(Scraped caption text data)
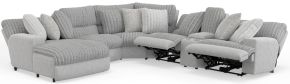 Catnapper 619/34/37/38/39/35/32-18 Abraxas - 6 Piece Power Reclining Sectional With Lay-Back Chaise And 2 Reclining Seats (LSF Chaise) - Moonstruck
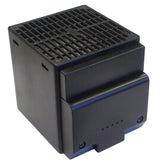 A black DIN rail enclosure touch safe PTC fan heater with a grid ventilation on top and mounting brackets on the sides.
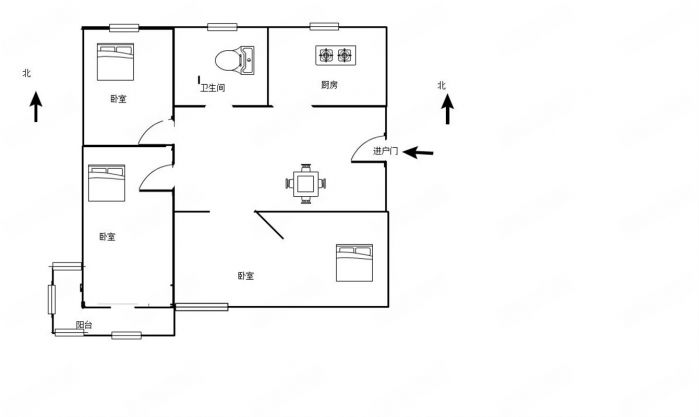 易家桥新村 3室1厅1卫 72.5m&sup2;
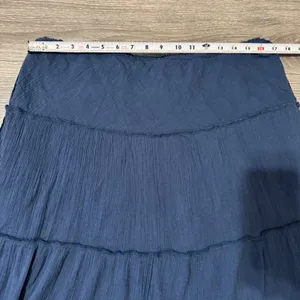 Chaps Maxy SKirt L‎ Navy Blue Crinkle Gauze Tiered Large Boho 100% Cotton Flowy thumbnail 7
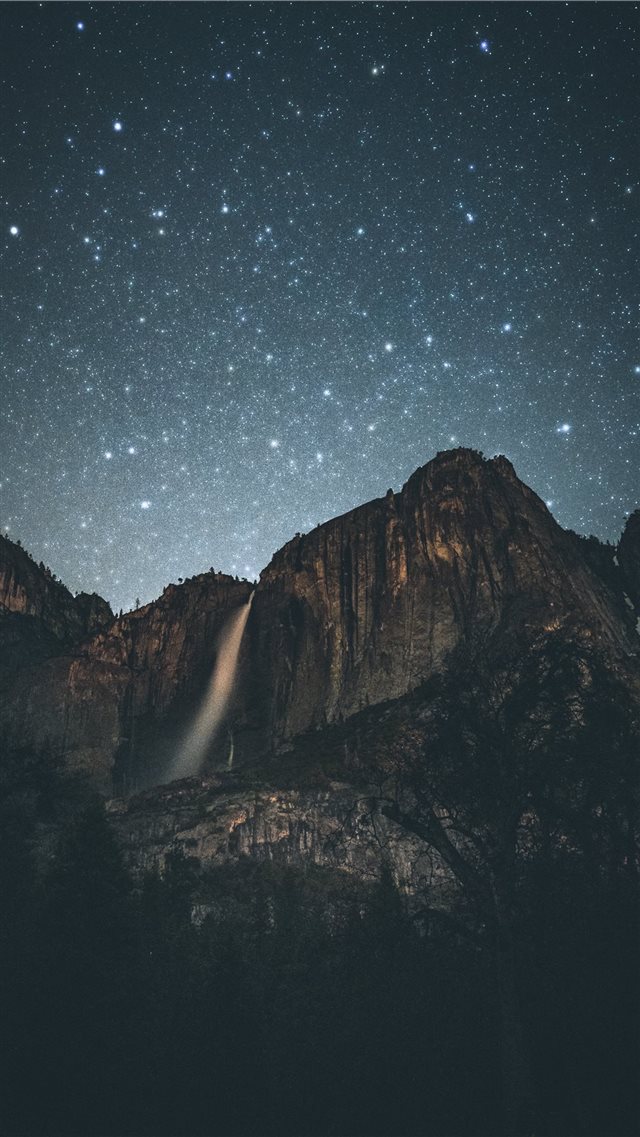 gray mountains at night iPhone 8 wallpaper 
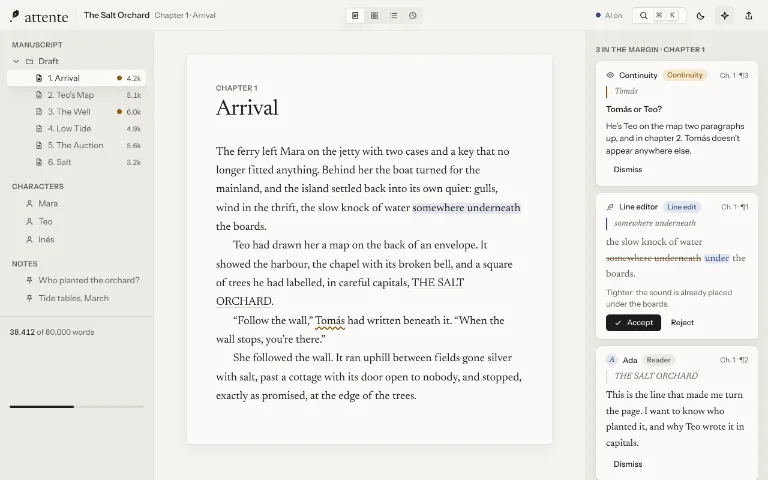 A chapter open on a quiet page, with the binder on the left and three notes in the margin on the right: a continuity question, a line edit shown as a tracked change, and a beta reader's reaction.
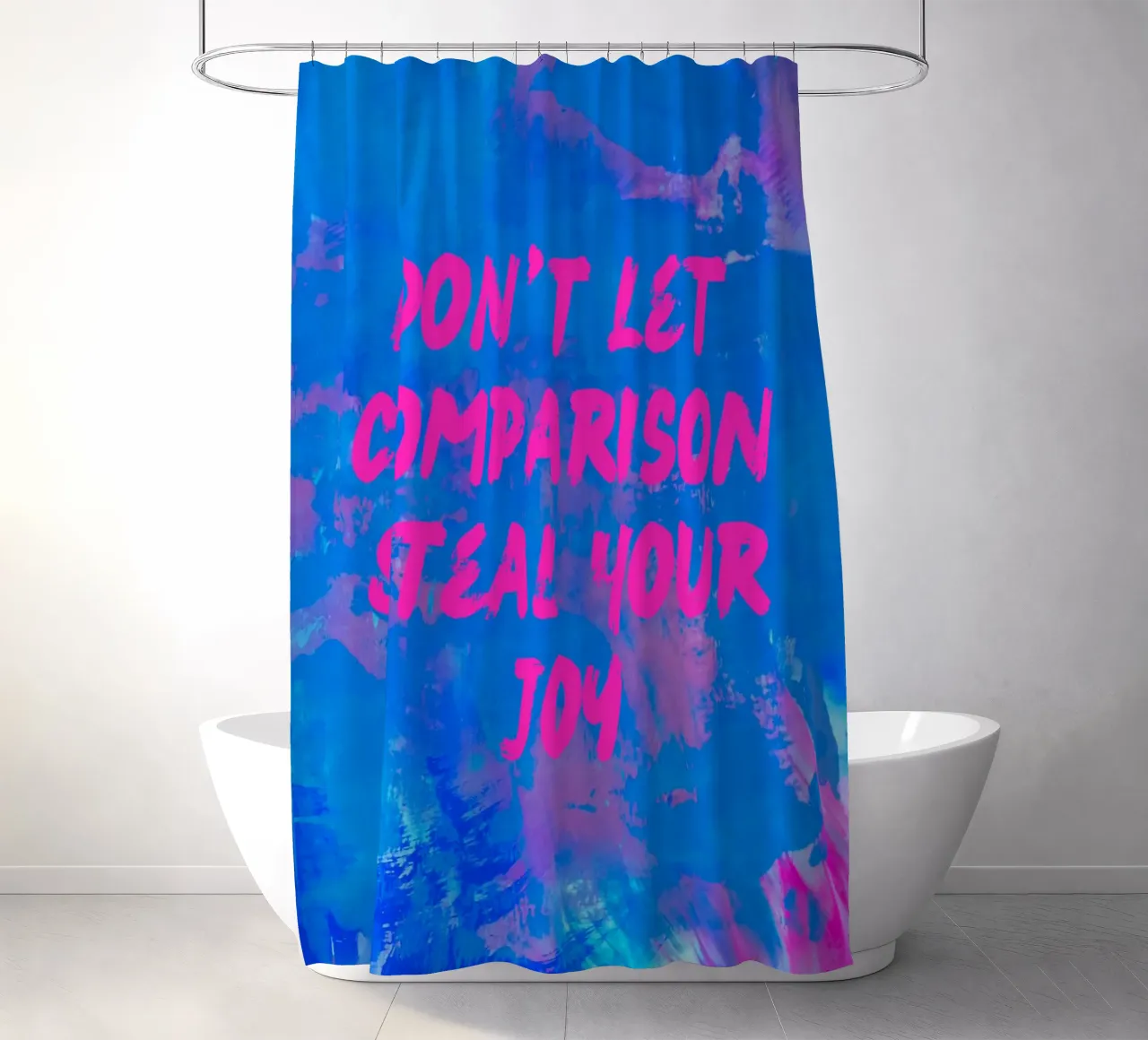 'Don't Let Comparison Steal Your Joy' Colorful Abstract tenda da doccia da FABOArt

▶ **Exercise aim**: Each record above should be repeated exactly, please, without pictures.

▶ **Worked solution**:
 Catnapper 619/34/37/38/39/35/32-18 Abraxas - 6 Piece Power Reclining Sectional With Lay-Back Chaise And 2 Reclining Seats (LSF Chaise) - Moonstruck
 A black DIN rail enclosure touch safe PTC fan heater with a grid ventilation on top and mounting brackets on the sides.
 易家桥新村 3室1厅1卫 72.5m&sup2;
 Chaps Maxy SKirt L‎ Navy Blue Crinkle Gauze Tiered Large Boho 100% Cotton Flowy thumbnail 7
 gray mountains at night iPhone 8 wallpaper 
 A chapter open on a quiet page, with the binder on the left and three notes in the margin on the right: a continuity question, a line edit shown as a tracked change, and a beta reader's reaction.
 'Don't Let Comparison Steal Your Joy' Colorful Abstract tenda da doccia da FABOArt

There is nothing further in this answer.